Using the entries that follow, transcribe only the lines from the line with "Autumn Women Cute" to the line with "ALALAL 4 Pcs", both included, exactly as they stand and without pictures.

[Items listed in a dataset]
######
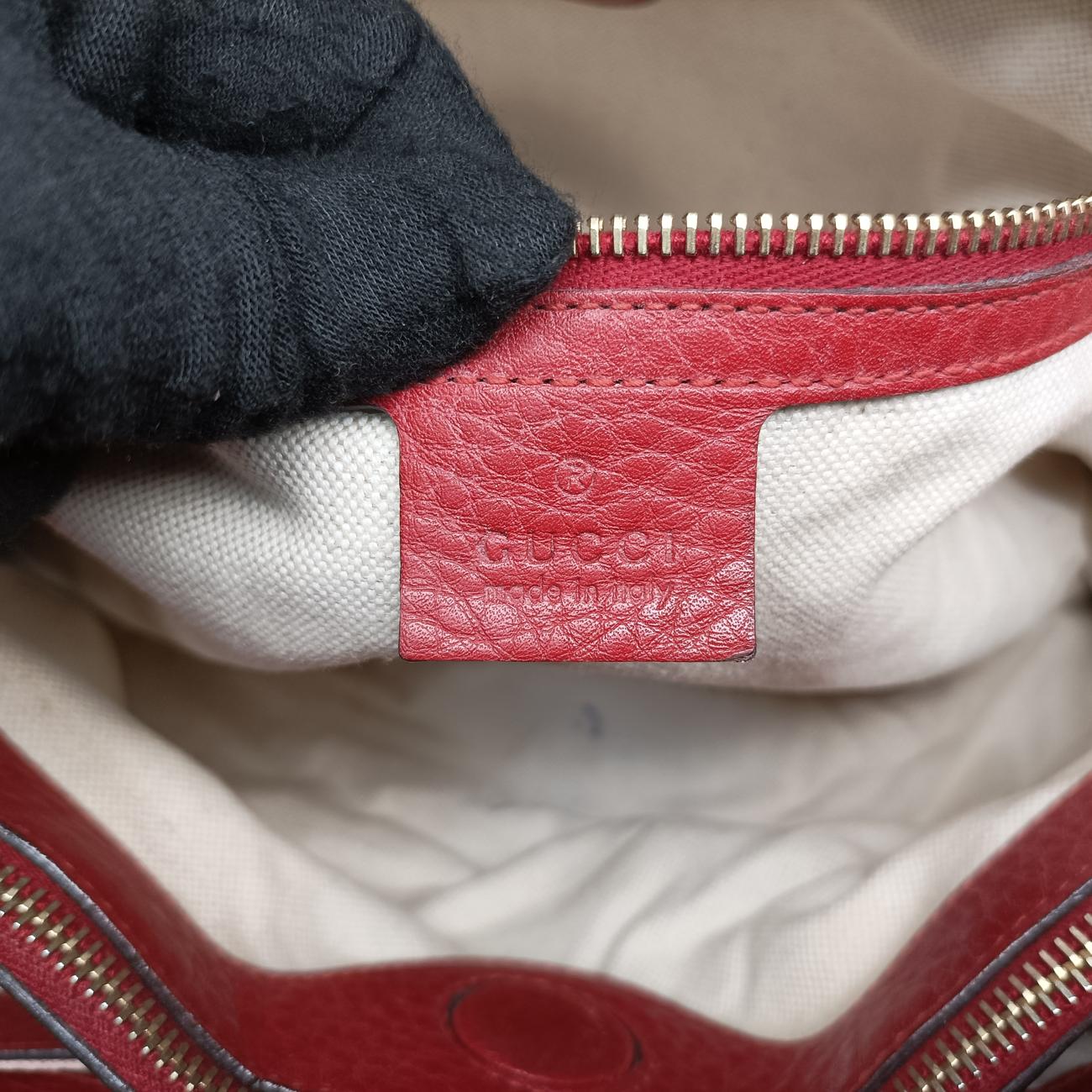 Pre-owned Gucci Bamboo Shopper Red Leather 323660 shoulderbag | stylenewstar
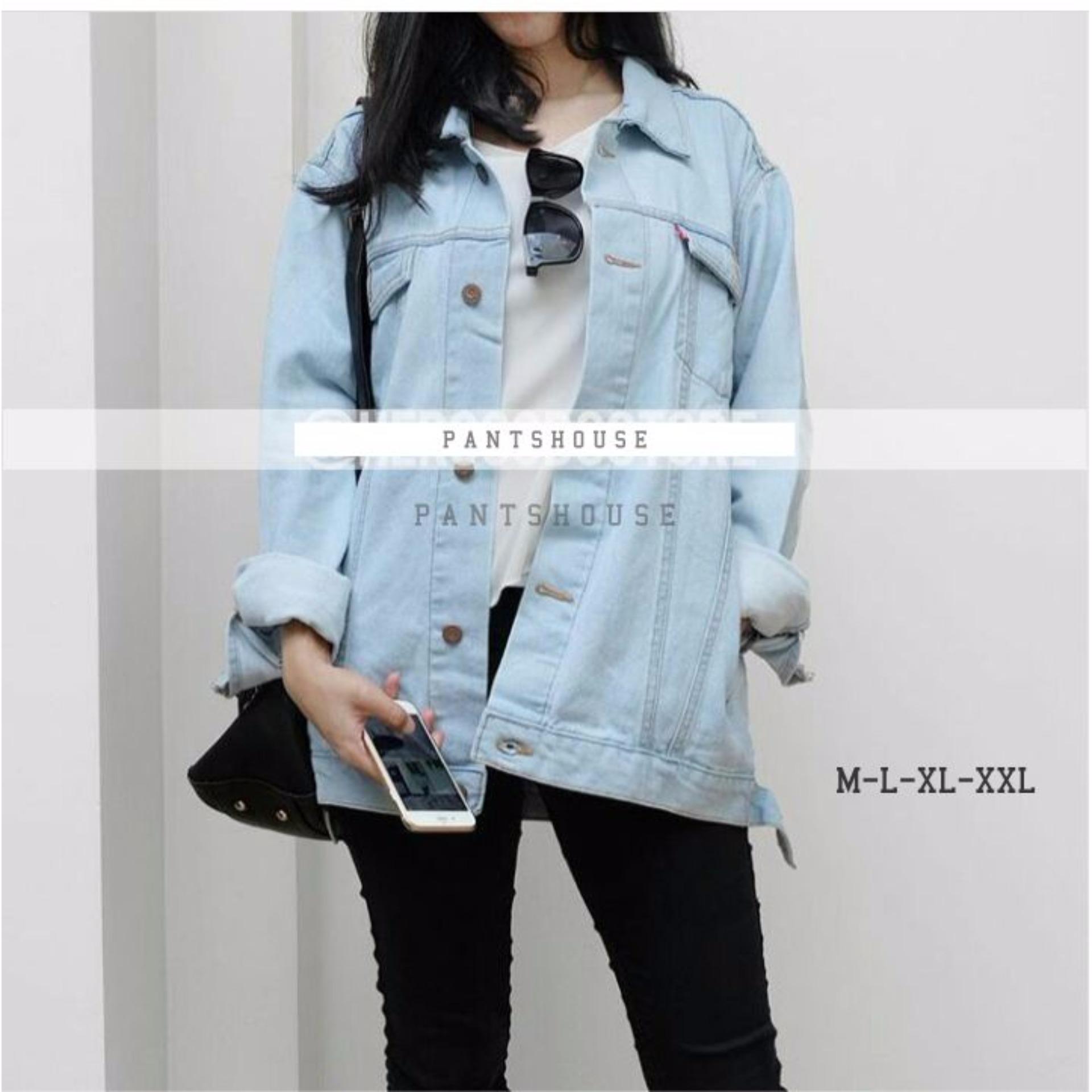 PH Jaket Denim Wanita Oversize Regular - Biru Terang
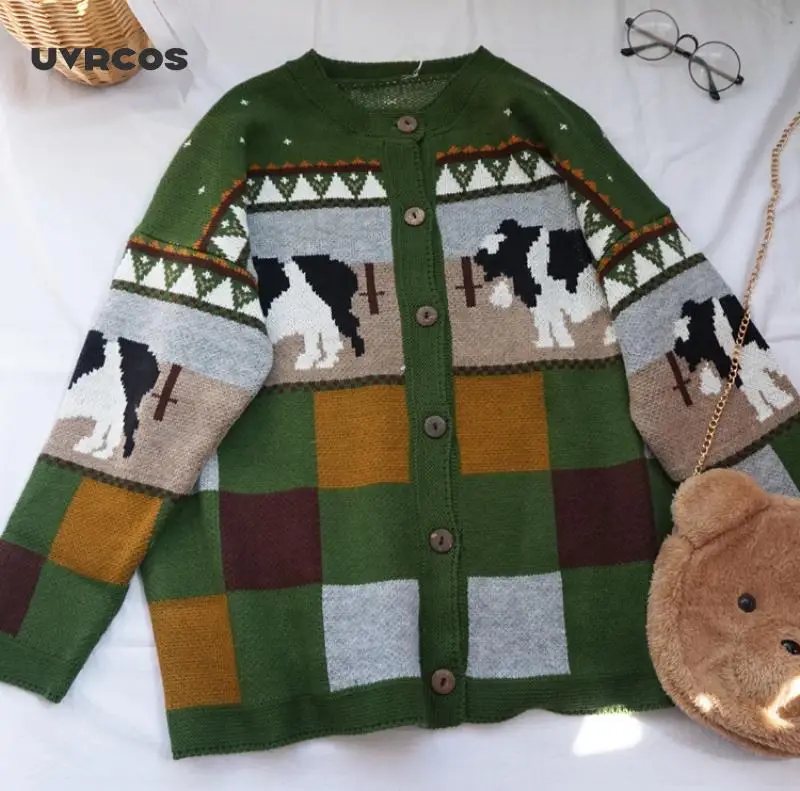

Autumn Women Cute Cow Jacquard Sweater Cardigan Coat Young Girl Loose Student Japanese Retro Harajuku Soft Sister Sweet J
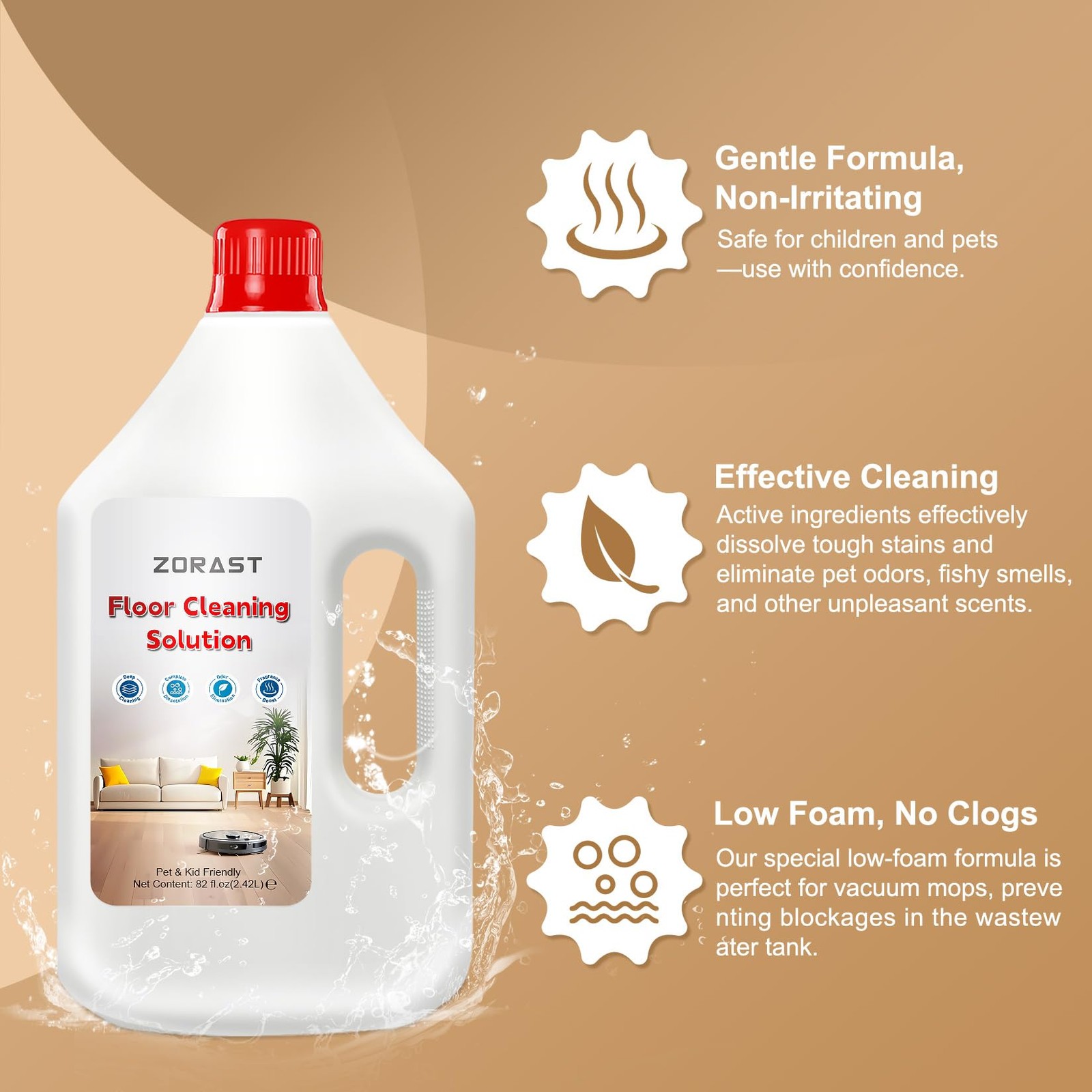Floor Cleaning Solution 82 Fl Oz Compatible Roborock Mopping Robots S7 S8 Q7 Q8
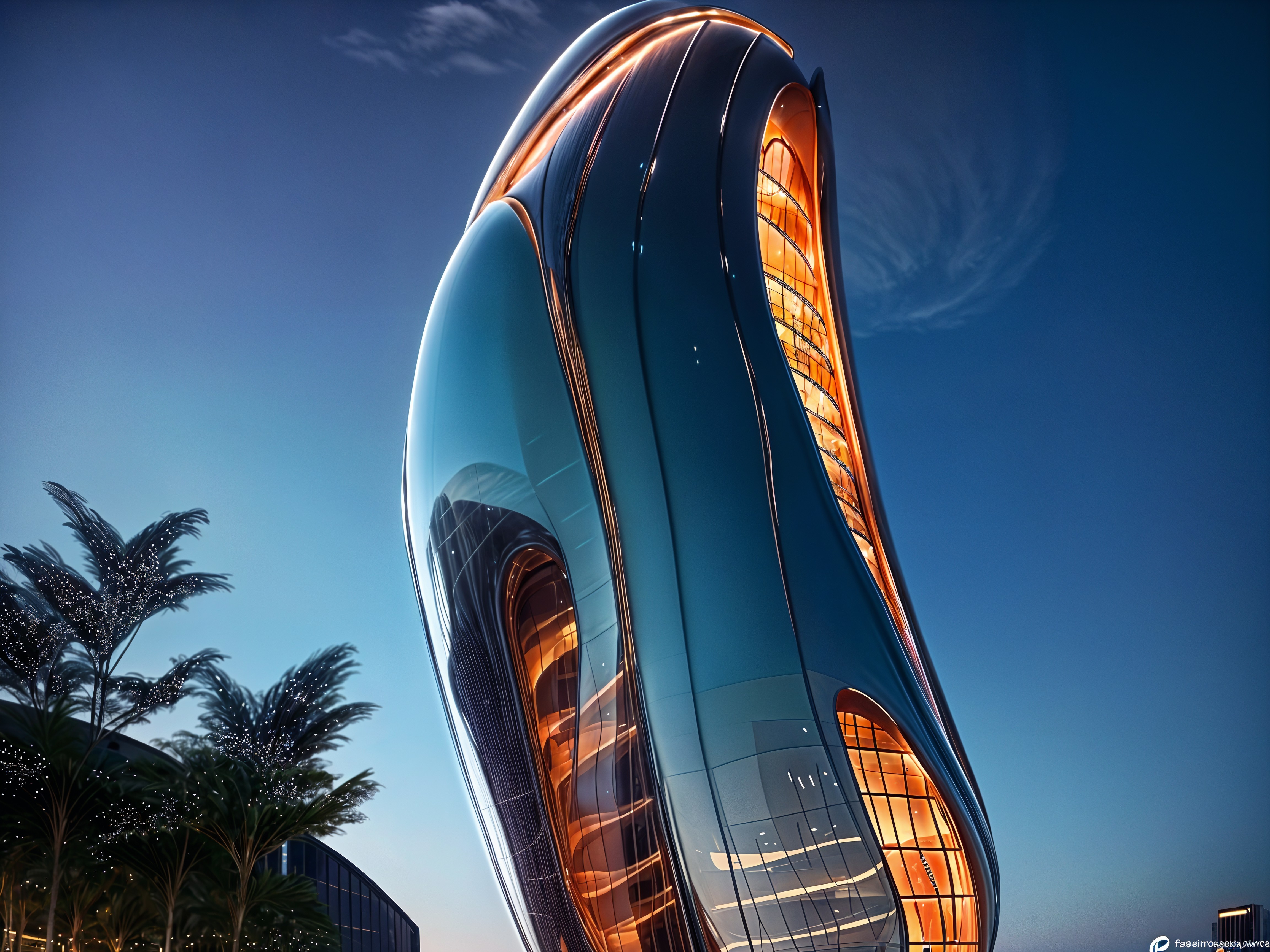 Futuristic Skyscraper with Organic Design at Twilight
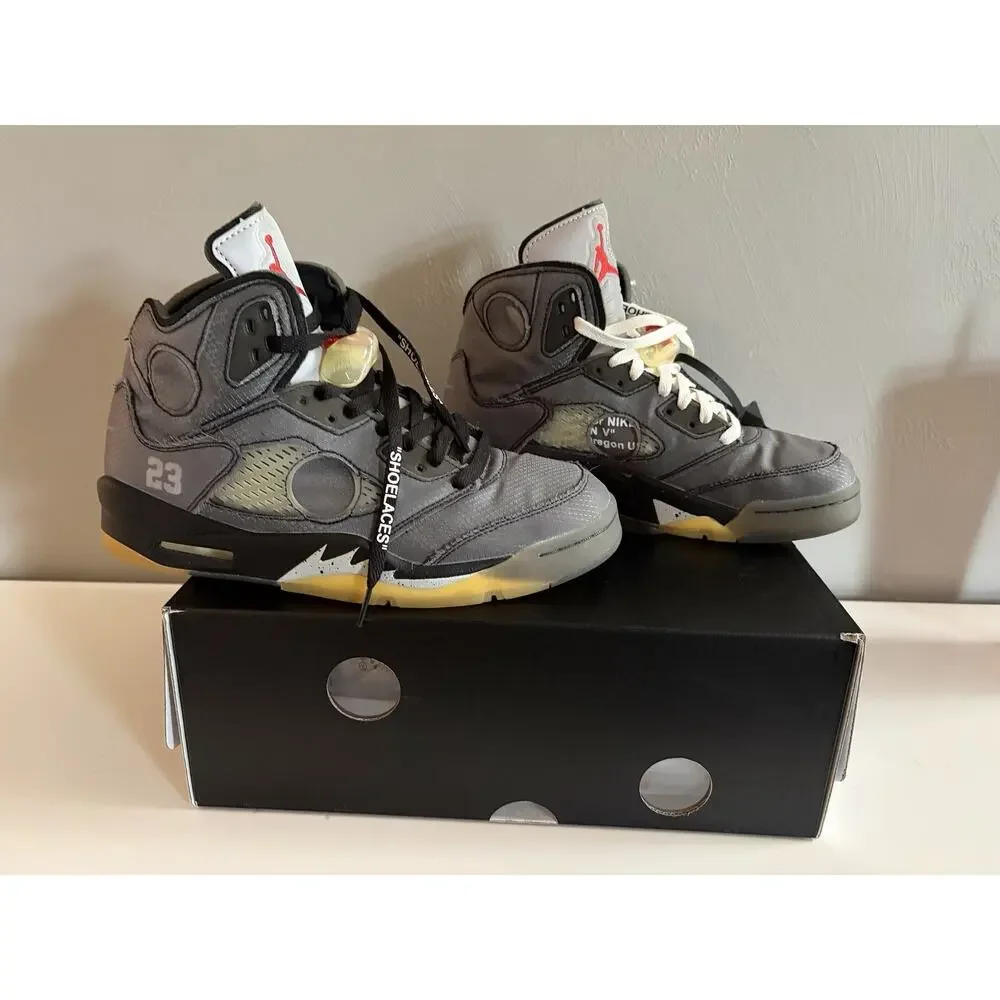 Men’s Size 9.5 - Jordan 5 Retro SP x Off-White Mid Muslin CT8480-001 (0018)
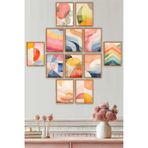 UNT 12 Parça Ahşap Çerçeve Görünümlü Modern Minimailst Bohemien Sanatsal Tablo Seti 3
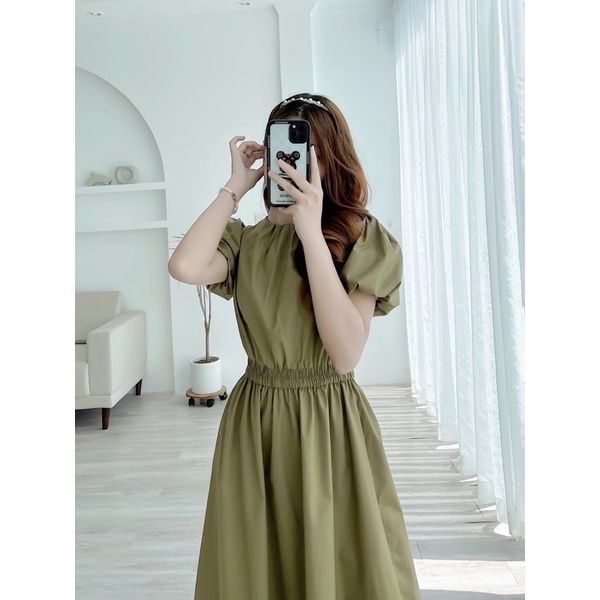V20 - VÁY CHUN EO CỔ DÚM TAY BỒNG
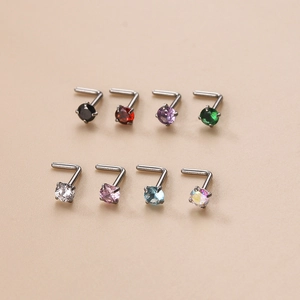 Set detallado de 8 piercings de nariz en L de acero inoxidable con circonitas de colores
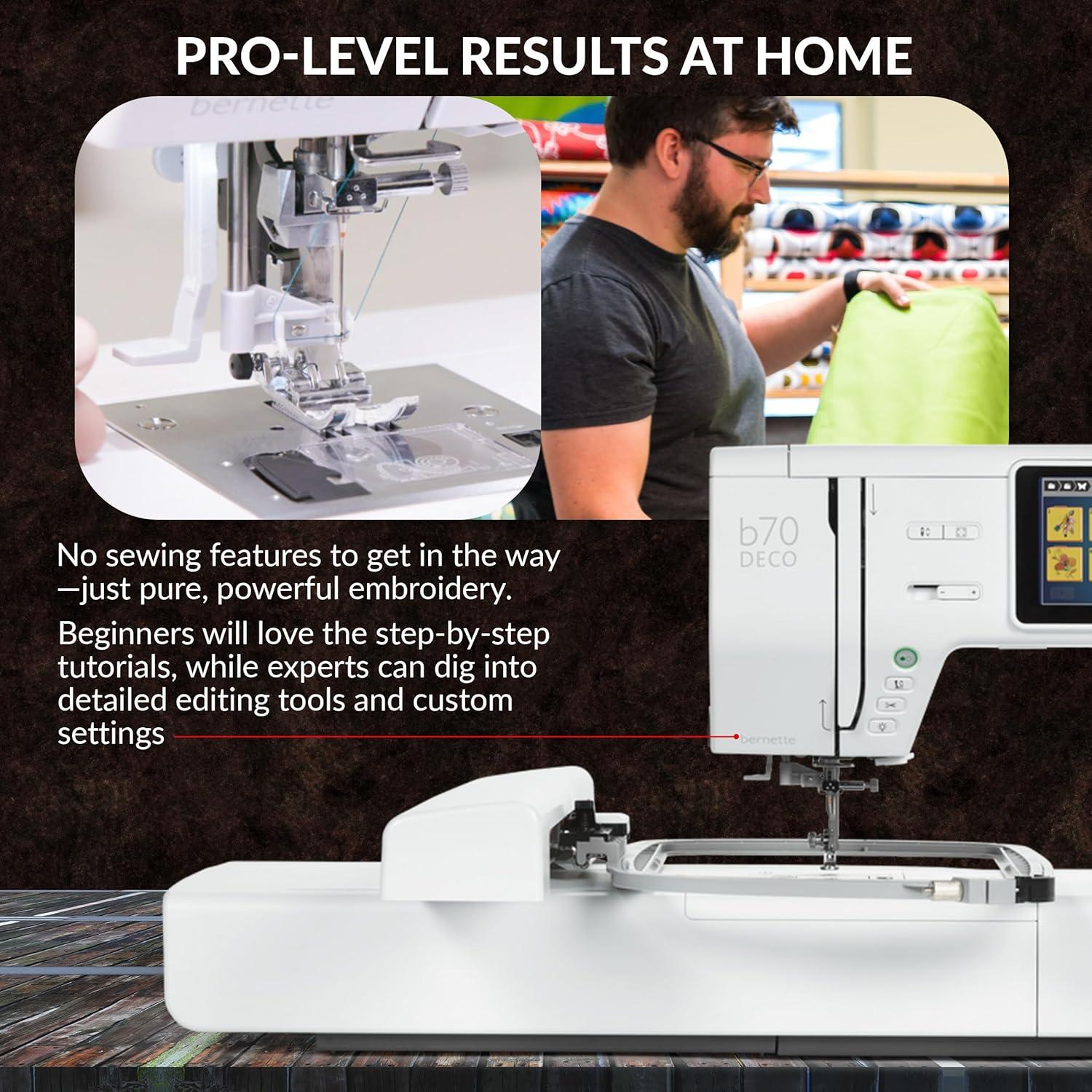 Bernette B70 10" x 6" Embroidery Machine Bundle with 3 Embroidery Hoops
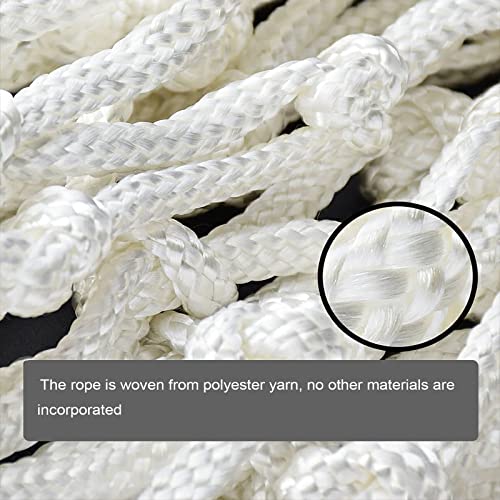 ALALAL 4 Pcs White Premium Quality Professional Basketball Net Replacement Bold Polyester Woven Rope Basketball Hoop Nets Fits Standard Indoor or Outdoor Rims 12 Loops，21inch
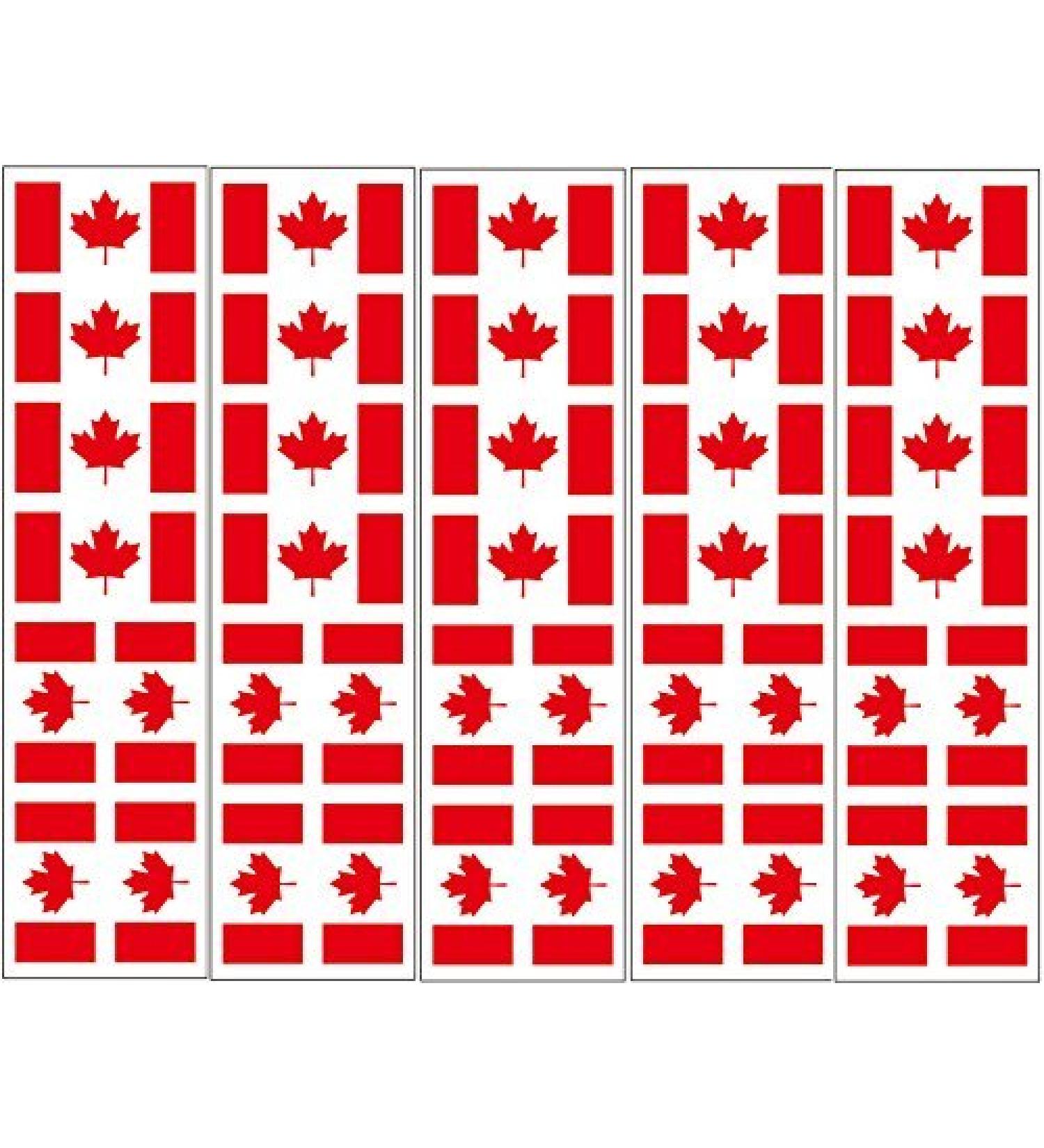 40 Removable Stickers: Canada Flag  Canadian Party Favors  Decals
######
Response to this exercise ->
Autumn Women Cute Cow Jacquard Sweater Cardigan Coat Young Girl Loose Student Japanese Retro Harajuku Soft Sister Sweet J
Floor Cleaning Solution 82 Fl Oz Compatible Roborock Mopping Robots S7 S8 Q7 Q8
 Futuristic Skyscraper with Organic Design at Twilight
 Men’s Size 9.5 - Jordan 5 Retro SP x Off-White Mid Muslin CT8480-001 (0018)
 UNT 12 Parça Ahşap Çerçeve Görünümlü Modern Minimailst Bohemien Sanatsal Tablo Seti 3
V20 - VÁY CHUN EO CỔ DÚM TAY BỒNG
 Set detallado de 8 piercings de nariz en L de acero inoxidable con circonitas de colores
 Bernette B70 10" x 6" Embroidery Machine Bundle with 3 Embroidery Hoops
 ALALAL 4 Pcs White Premium Quality Professional Basketball Net Replacement Bold Polyester Woven Rope Basketball Hoop Nets Fits Standard Indoor or Outdoor Rims 12 Loops，21inch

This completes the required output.